“Ho personalmente capito in più occasioni che il signor Tadini riferiva al direttore d’esercizio e al gestore dell’impianto, ad ogni avaria o anomalia riscontrata, che era necessario fermare l’impianto. Ma nonostante questo le volontà sia del gestore che del direttore erano quelle di proseguire, rimandando l’eventuale riparazione dell’anomalia più avanti nel tempo, quando per esempio la funivia si sarebbe fermata per la chiusura stagionale. Ho udito più volte lo stesso Tadini discutere animatamente al telefono con l’ingegner Perocchio e con il Nerini poiché questi ultimi due erano contrari alla chiusura dell’impianto nonostante la volontà del Tadini fosse di chiudere”.
Le parole, riportate nell’ordinanza del Gip alle pagine 19, 20 e 21, sono di Fabrizio Coppi, uno dei dipendenti della Funivia del Mottarone, sentito come testimone nella notte tra martedì e mercoledì della scorsa settimana nella caserma dei carabinieri di Stresa dal Pubblico Ministero Olimpia Bossi.

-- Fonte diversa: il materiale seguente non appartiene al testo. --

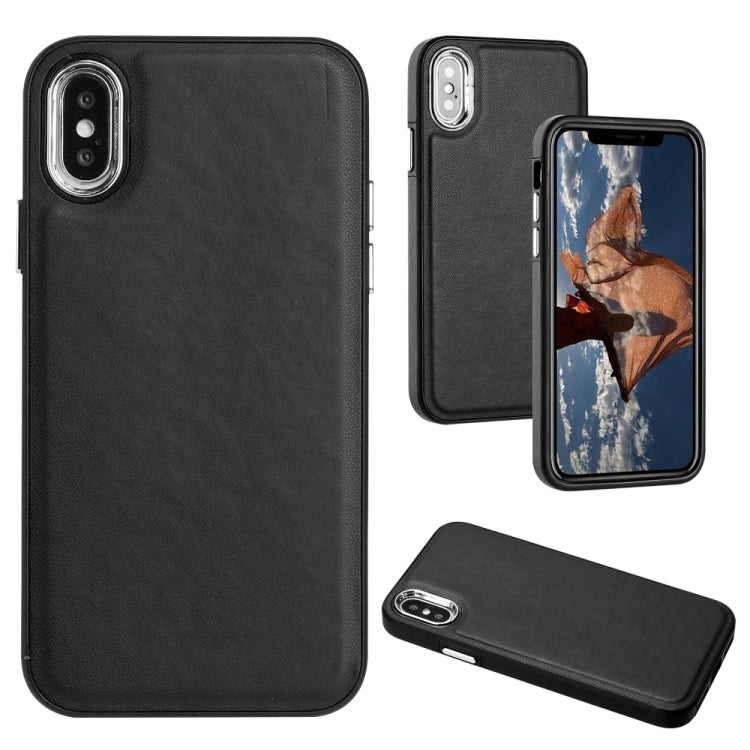 Leather Texture Full Coverage Phone Case, Series 2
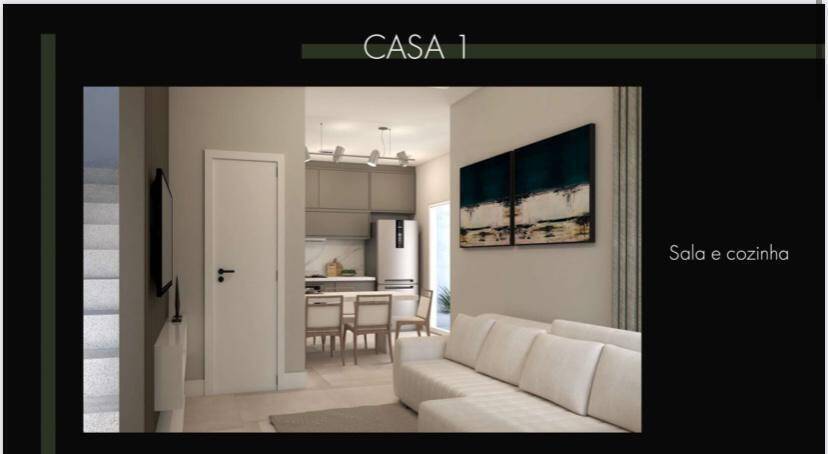 Casa de Condomínio, 3 quartos - Foto 4
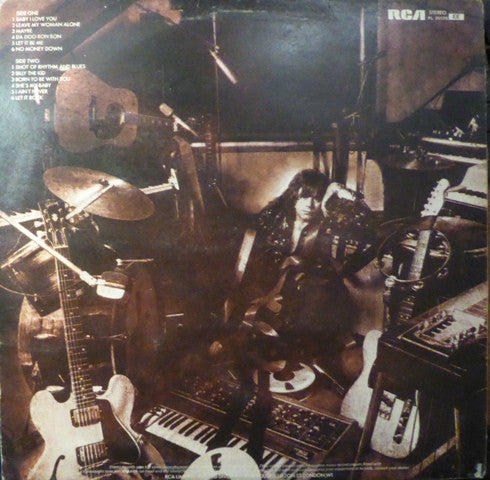 Dave Edmunds - Subtle As A Flying Mallet (LP, Album, RE)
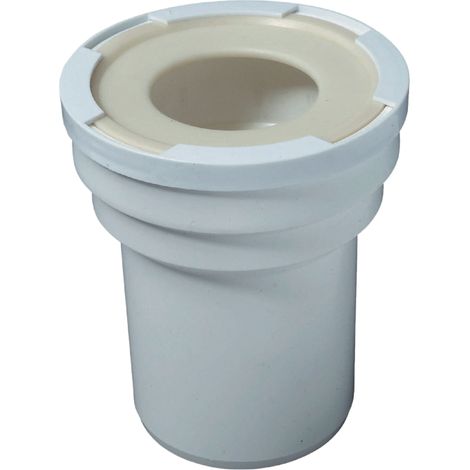 manchon droit - wc - a coller - basic segment 70720086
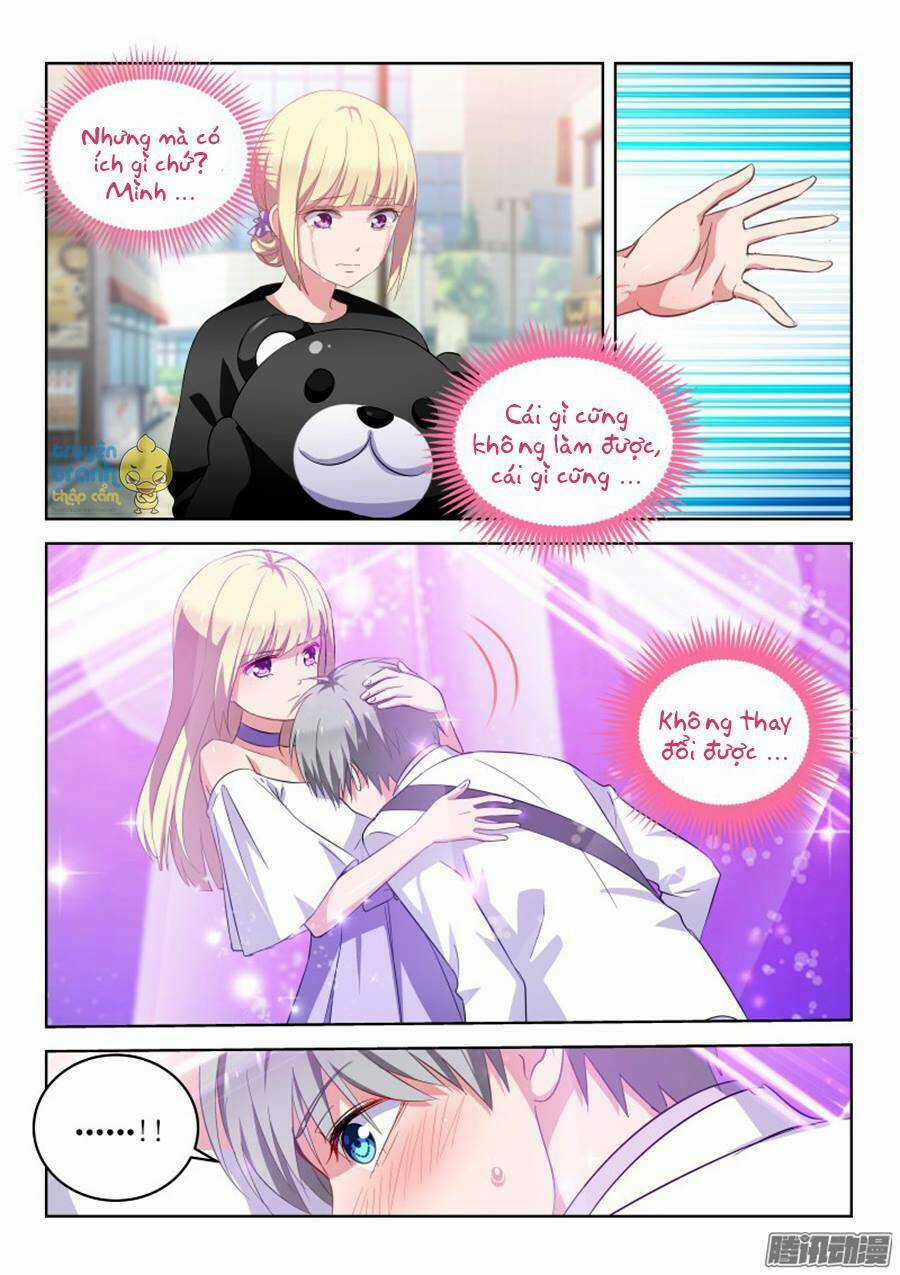 Nam Thần Quốc Dân Biến Thân - Chapter 21 - Trang 4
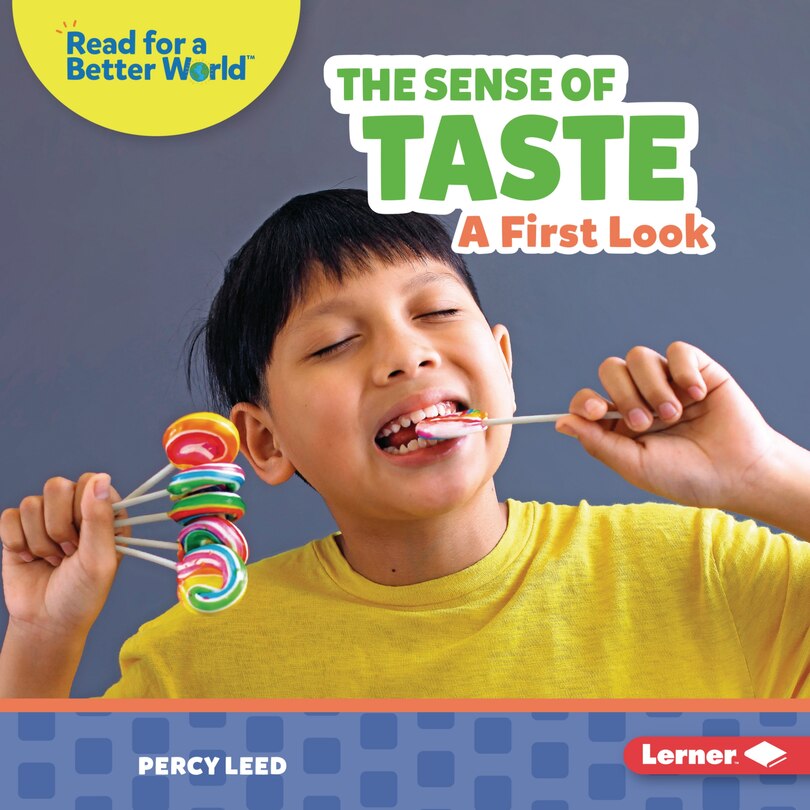 Couverture_The Sense of Taste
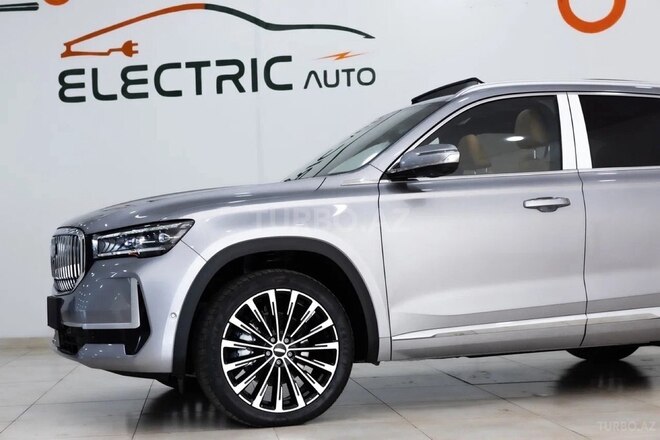 Geely Monjaro 2025, 0 km - 1.5 l - Bakı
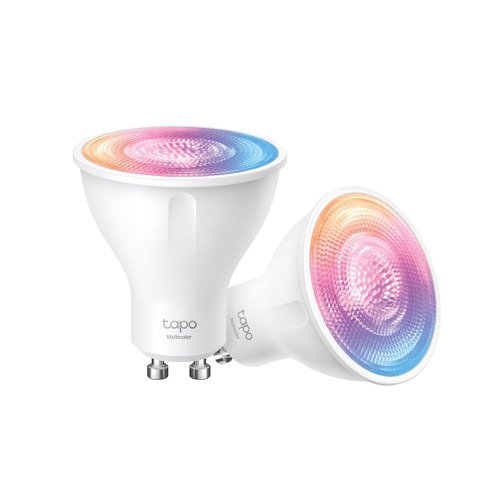 TP-Link Tapo Smart Wi-Fi Spotlight Lightbulb 2 Pack
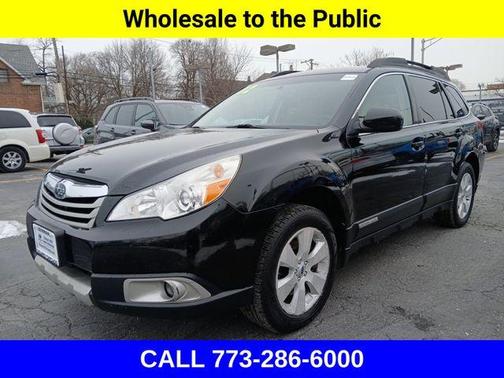 2012 Subaru Outback 3.6R Limited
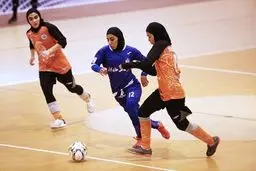 نتایج هفته هفتم لیگ برتر فوتسال زنان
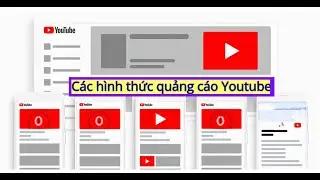 C&aacute;c loại h&igrave;nh quảng c&aacute;o Youtube Ads - Video Marketing tr&ecirc;n Youtube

La testimonianza offre una lettura dei fatti che collima fortemente con la versione sostenuta dal Tadini, ed è una di quelle che il pm ha spiegato di voler riesaminare insieme a tutte quelle rese dagli altri dipendenti.
La testimonianza di Coppi entra nei dettagli di quanto accaduto.
“Lavoro – ha detto – presso la funivia da circa due anni e nell’arco di questo tempo posso affermare che sono successe diverse anomalie che avrebbero dovuto portare alla chiusura dell’impianto. Tra queste è capitato soprattutto nell’ultimo periodo un problema al sistema frenante e alla centralina idraulica della cabina numero 3. Questa avaria, nonostante ci sia stato l’intervento di una ditta specializzata, continuava a manifestarsi, ragion per cui la decisione del Tadini era quella di chiudere l’impianto per procedere a funivia ferma alla riparazione. Anche in questa occasione – prosegue il testimone – la volontà dell’ing. Perocchio e del Nerini era quella di proseguire, rinviando la problematica di giorno in giorno”. Un contrasto di volontà che secondo il testimone sarebbe provato dal fatto che “dopo alcune telefonate lo vedevo (Tadini, ndr) molto turbato e demoralizzato”.